● PROVIDED MATERIAL

::::::::

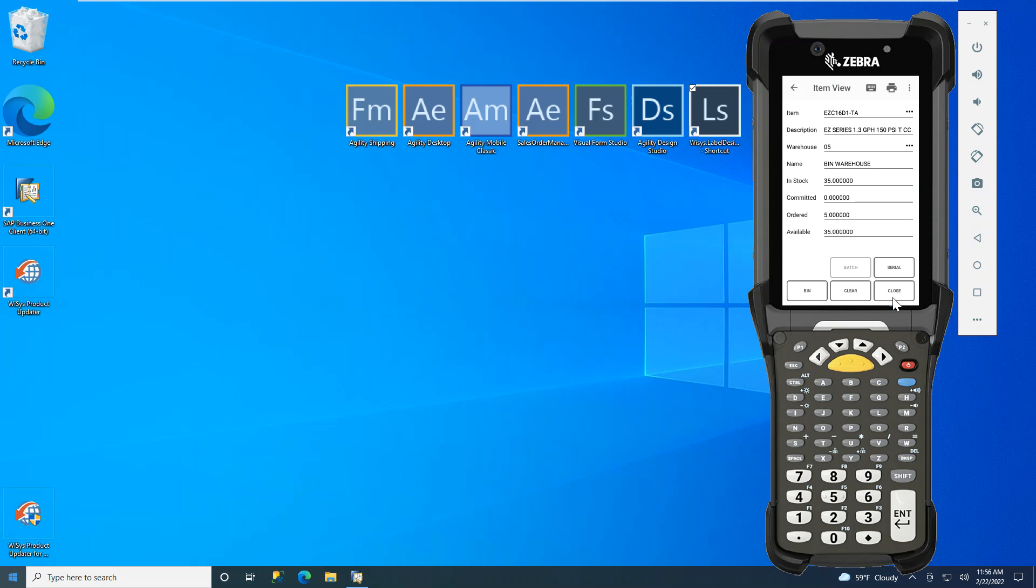This has been the WISIS item view form with Agility360. Thank you.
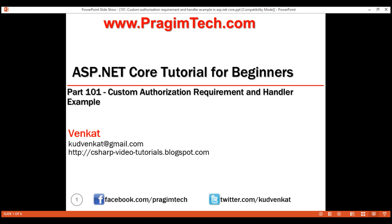This is part 101 of the ASP.NET Core tutorial. In this video, we'll discuss creating a custom authorization requirement and a handler with an example.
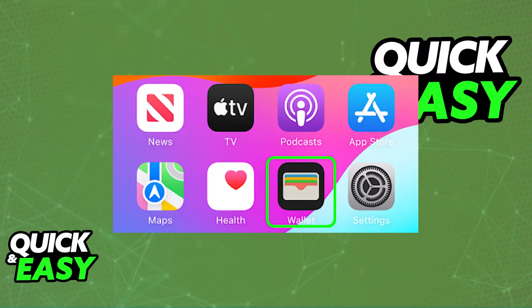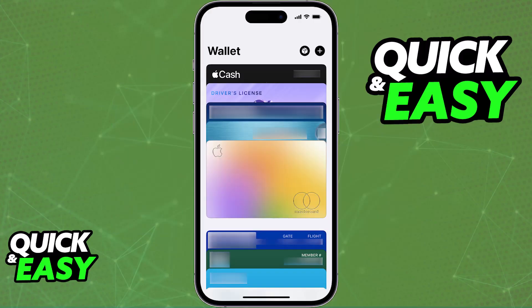First, open the wallet app on your device. You will find it as the default app on your home screen. Inside the wallet application, you will see all of the cards currently attributed to your wallet. If you don't see any cards because you have never used it before, tap the plus sign at the top right corner of the screen.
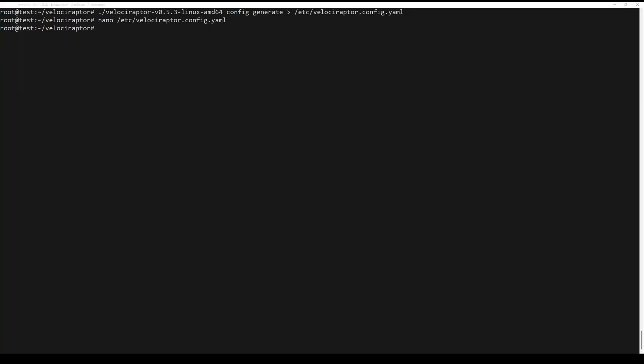Additionally, data store location can be edited to change the location where Velociraptor is going to save its files.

::::::::

● PROBLEM REQUIREMENTS
Your task is to quote exactly the lines from the one with "First, open the" through the end of the material, both included, without reproducing any pictures.

● PROBLEM SOLUTION
First, open the wallet app on your device. You will find it as the default app on your home screen. Inside the wallet application, you will see all of the cards currently attributed to your wallet. If you don't see any cards because you have never used it before, tap the plus sign at the top right corner of the screen.
Additionally, data store location can be edited to change the location where Velociraptor is going to save its files.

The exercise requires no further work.